戦争反対に決まっている

 戦争はあってはならない。心よりそう思う。しかし戦争になることはある。80年前の日本がそうだった。敵と味方、どっちが善とか悪いとかという単純な話ではない。国と国の間には時としてそういう状況が生じる。そこには複雑な政治状況や、国家間の思惑や、ときとして一人の嫉妬深い独裁者の存在などが引き金となる。国際政治は複雑なタペストリーであり、一旦、混乱が生じれば一国の努力のみで簡単にほぐせる問題ではない。たまたまその時代に日本人としての義務を果たした若者、太平洋で、あるいは大陸やインドシナで戦った私たちの父祖たちを、ことさらに貶める必要がどこにあろう。トレイターはどうでもいい。普通に日本が好きな人はこのパラオの事例を見てほしい(音楽が流れます)。
https://www.youtube.com/watch?v=cTRfPNEPR-A&feature=youtu.be&app=desktop
 歴史を美化しようということではないのだ。ただ現実に、パラオをはじめとして日本統治をうけたところは親日が醸成されている。儒学を曲解し国教とした国々がどうであるかはご案内のとおりですね。
 戦況が悪化したパラオで、日本に親愛の情をもっていた現地の人々が「俺たちも一緒に戦わせてくれ」と日本軍の守備隊長に申し出た。それに対し隊長は「帝国軍人が、きさまら土人と一緒に戦えるか!」と一喝した。もちろんパラオの人たちはこの発言で日本軍に愛想をつかし、戦場となる基地の島ペリリューから本島に避難した。

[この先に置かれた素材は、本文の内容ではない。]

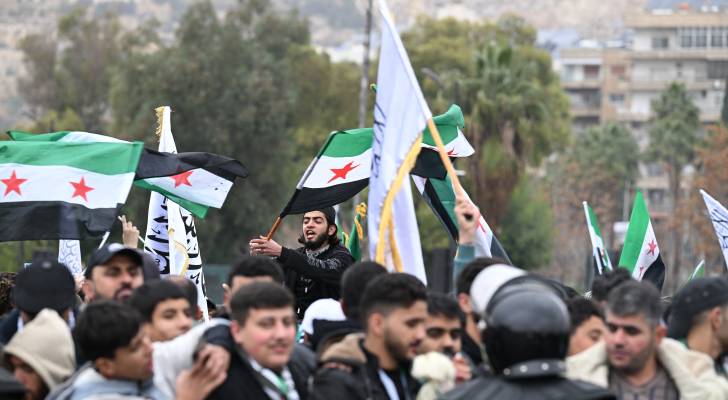احتفالات الشعب السوري بعيد التحرير الأول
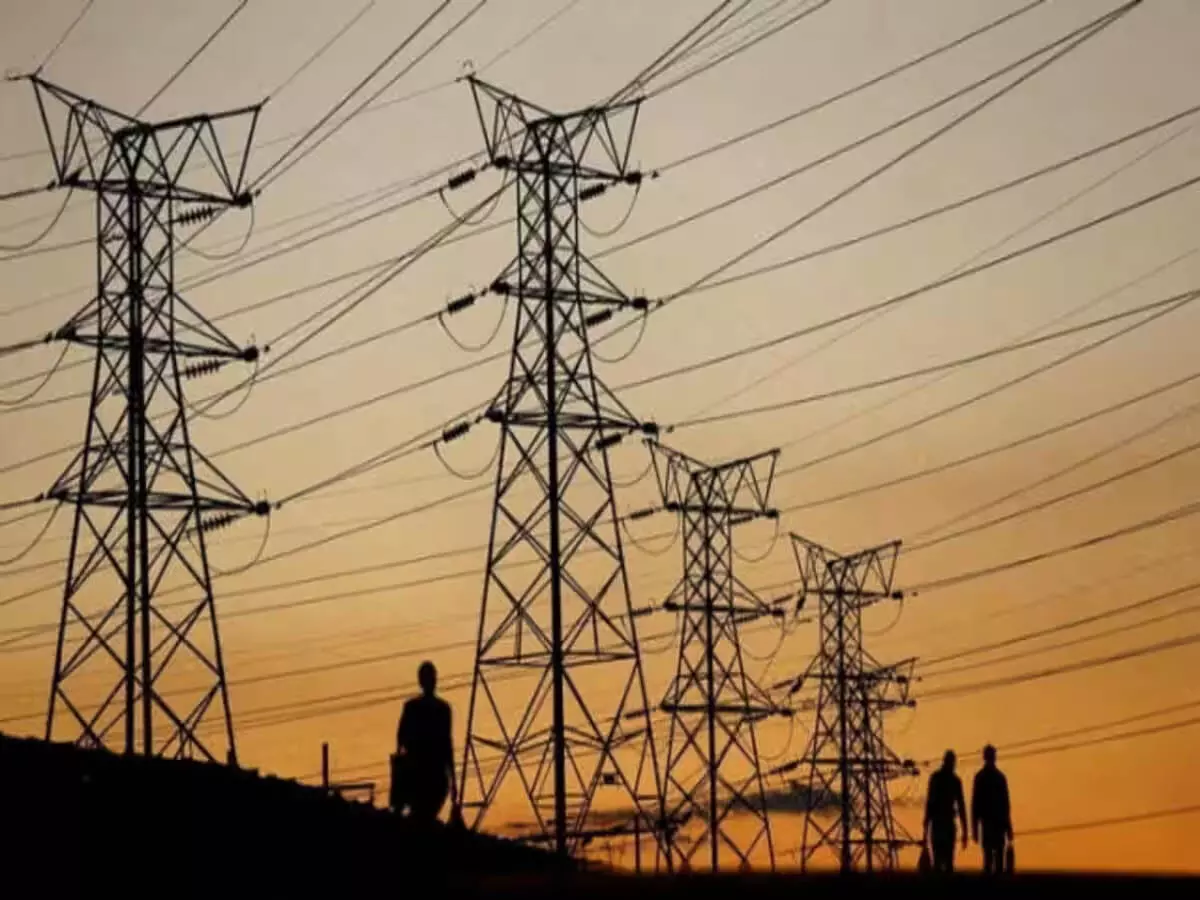 सरकार ने बिजली की दर घटाई, उपभोक्ताओं को अब इतने रुपए देने होंगे चार्ज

しかし、避難船が岸を離れた時、人っ子一人いなかった浜に日本兵があふれ、離岸する船に手を振り、パラオの人たちと一緒に歌った歌を合唱したという。
 隊長の本心は「嫌われてもいいので現地の人たちを戦闘に巻き込まず無事に本島に帰還させたい」その一心であった。

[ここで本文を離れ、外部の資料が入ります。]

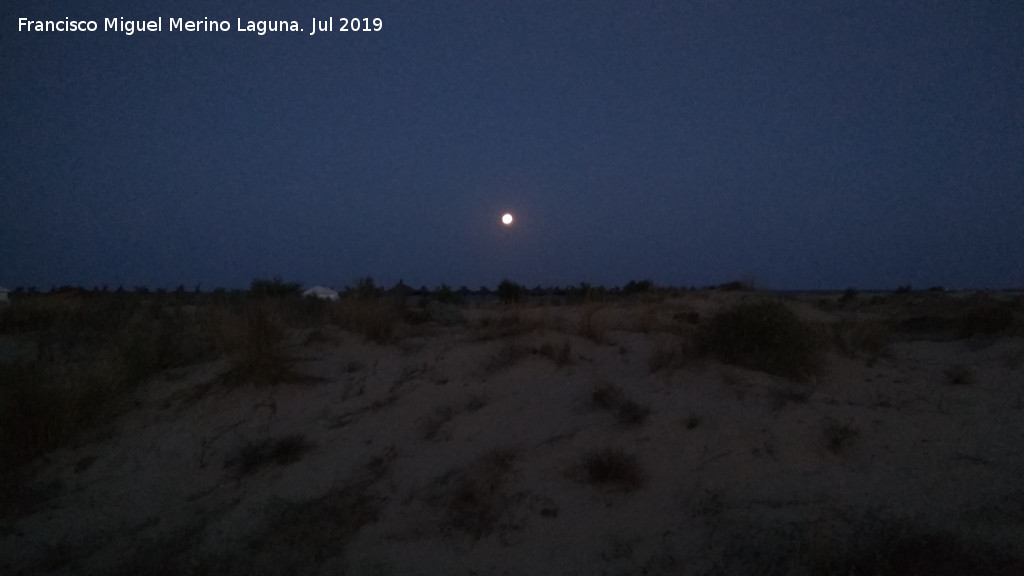 Luna - Luna. Playa de Carabass - Santa Pola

 これを美化された話だと思うだろうか。ワシャはそう思わない。ワシャがその守備隊長と同じ状況に置かれても、そうした行動をとっていたと思う。ワシャは普通に度胸のないオッサンで、自分は楽をしたくて、人を妬む心も持っているけれど、それでも日本の長い歴史・文化に育まれてきた日本人である。だからこの隊長の気持ちが解る。

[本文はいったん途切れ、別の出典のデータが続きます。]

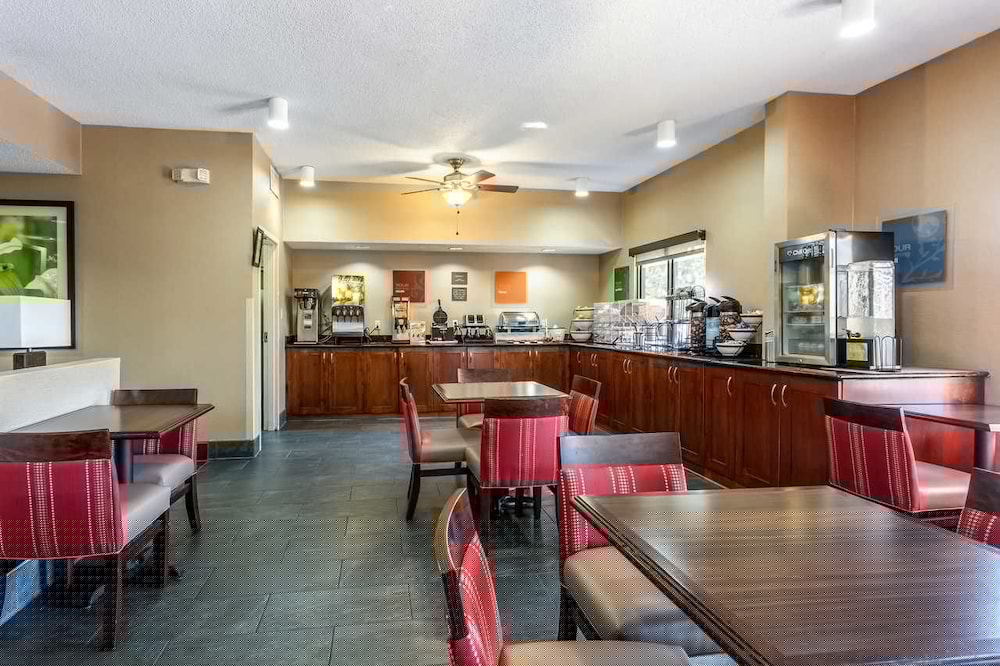 Comfort Inn Brownsville I-40 26/36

 隊長は逡巡したであろう。アメリカの圧倒的な火力の強さを知っているし、戦争末期の日本のお粗末な兵站も熟知している。味方は一人でも多いほうが心強い。それも現地の人たちがむこうから申し出てくれている。しかし、ここで彼らを巻きこんでは「日本人としての矜持」が守れないと意識したのであろう。間違いなく、自分がその時の司令官であってもそう決断をする。我々は軍人である。国土を防衛する責務がある。パラオの人たちを守る責任がある。だから心を鬼にして「お前たちと一緒に戦えるか」と言い放ったのだ。そんなことは戦場のいたるところであった。
 反対に、己の保身しか考えない軍官僚もあまた存在した。子供の頃から「村一番よ優等よ」と言われ続けた秀才エリートはあまりにも役に立たなかった。平時にはそれなりの存在価値があるのだが、危機存亡のときには、まったく箸にも棒にもかからない。これはワシャの僻みではなくて、歴史をたどれば実際にそのとおりである。直近では、東日本大震災の東電本社がそうであったし、トランプ勝利前後の外務省がそうだった。まぁいいや、試験官僚(軍人も文官も)の悪口を言い出すと止まらなくなるからね。
 話をもどす。日本軍のたたき上げの士官や学徒動員された若き尉官たちのことである。彼らの中にはまともな兵隊が多くいた。そりゃ中には強姦魔みたいなゲス野郎や、嘘ばっかり言うホラッチョ吉田清治みたいな兵士もいたでしょう。でもそれは日本軍という組織だけではなく、世界中の軍隊にもいるし、現在でも大手企業や公務員・教職員の中にも紛れている現実を見よう。組織の中にはある一定数のゴミが混在するのは止むを得ない。日本軍にだけ悪いやつがいたということではない。まともな人、毅然とした人、凛とした人も多かった。真面目さの割合から言えば、世界トップの軍隊だった。それはどの文献、戦闘記録を見ても明らかな事実だ。例を挙げよう。司馬遼太郎だって小津安二郎だって李登輝だって日本陸軍の兵隊だった。小野田寛郎バロン西も武器をもって闘っていた。そんな例は枚挙にいとまがない。日本人は、まず父祖を貶める前にそういった事実を知っておかなければならない。